» **Work order**:
A verbatim transcript of the data below is required, images omitted.

» **Supplied material**:
☆ ☆ ☆ ☆ ☆

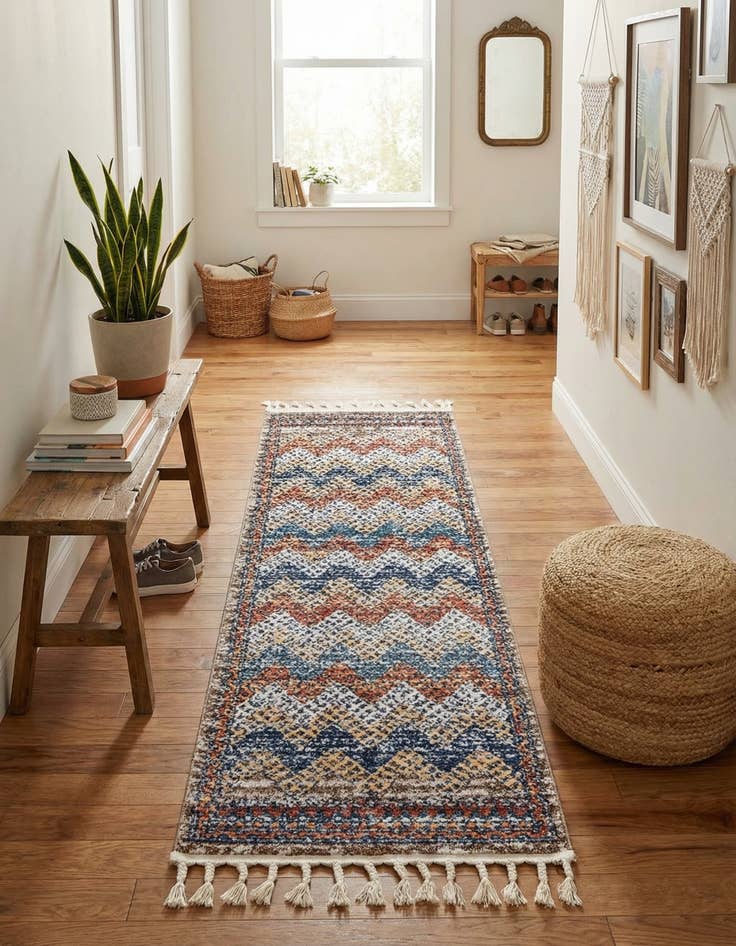 Detail image of 2' x 6' Aramis Runner Rug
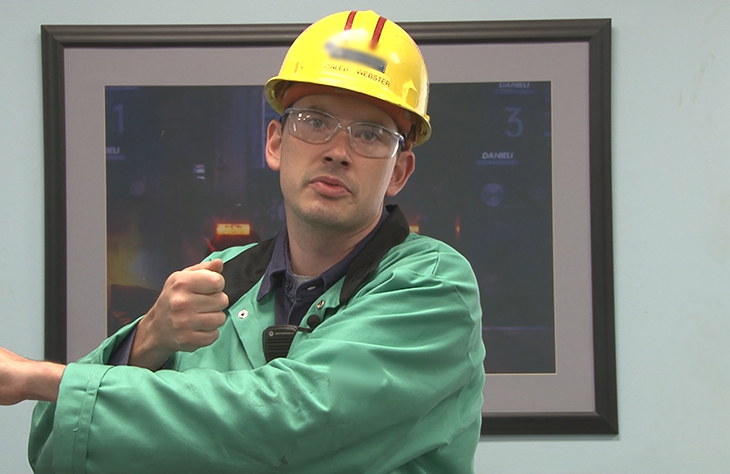 Compressed Gas Safety and Safe Welding and Torching - Incident Recreation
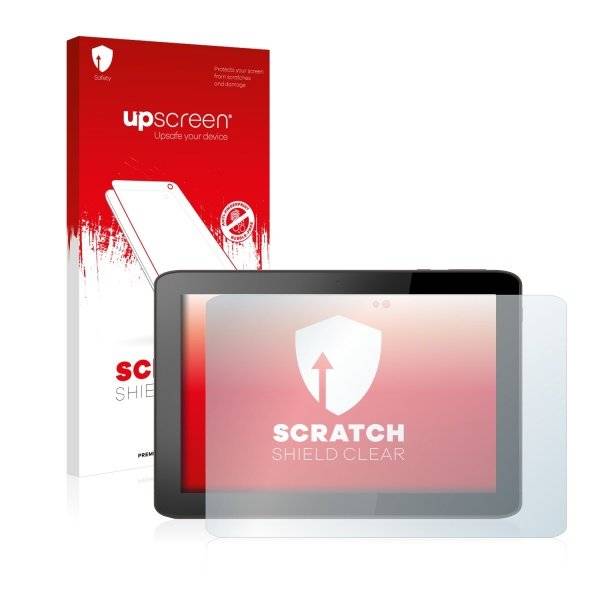 upscreen® Scratch Shield Clear Premium Displayschutzfolie für Medion Akoya E1234T (MD 99318)
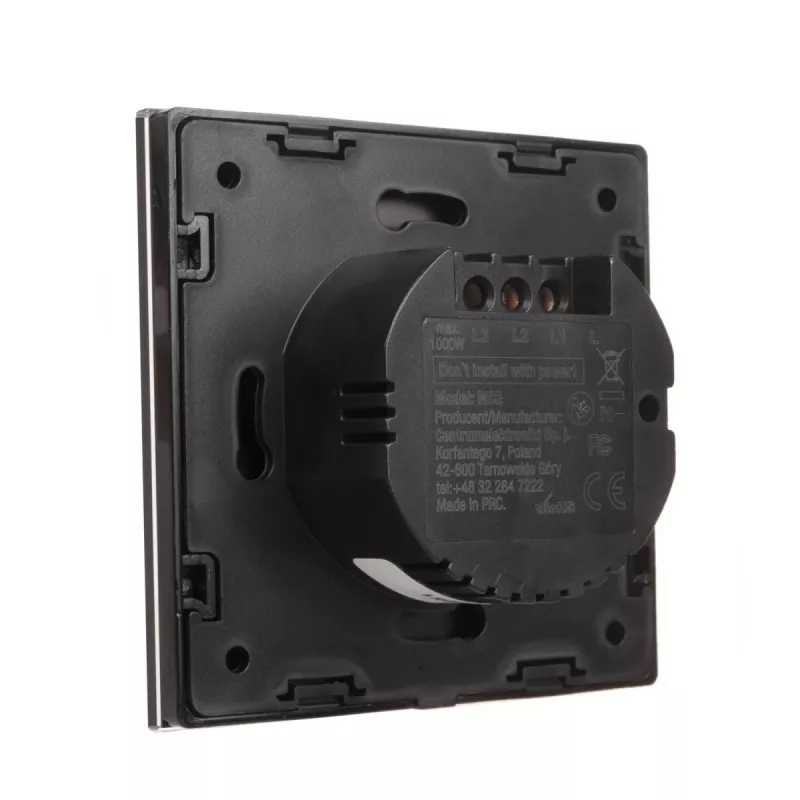 Smart Wi‑Fi touch light switch MACLEAN MCE715W — touch control, Wi‑Fi connectivity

☆ ☆ ☆ ☆ ☆

» **Result for this exercise**:
 Detail image of 2' x 6' Aramis Runner Rug
 Compressed Gas Safety and Safe Welding and Torching - Incident Recreation
 upscreen® Scratch Shield Clear Premium Displayschutzfolie für Medion Akoya E1234T (MD 99318)
 Smart Wi‑Fi touch light switch MACLEAN MCE715W — touch control, Wi‑Fi connectivity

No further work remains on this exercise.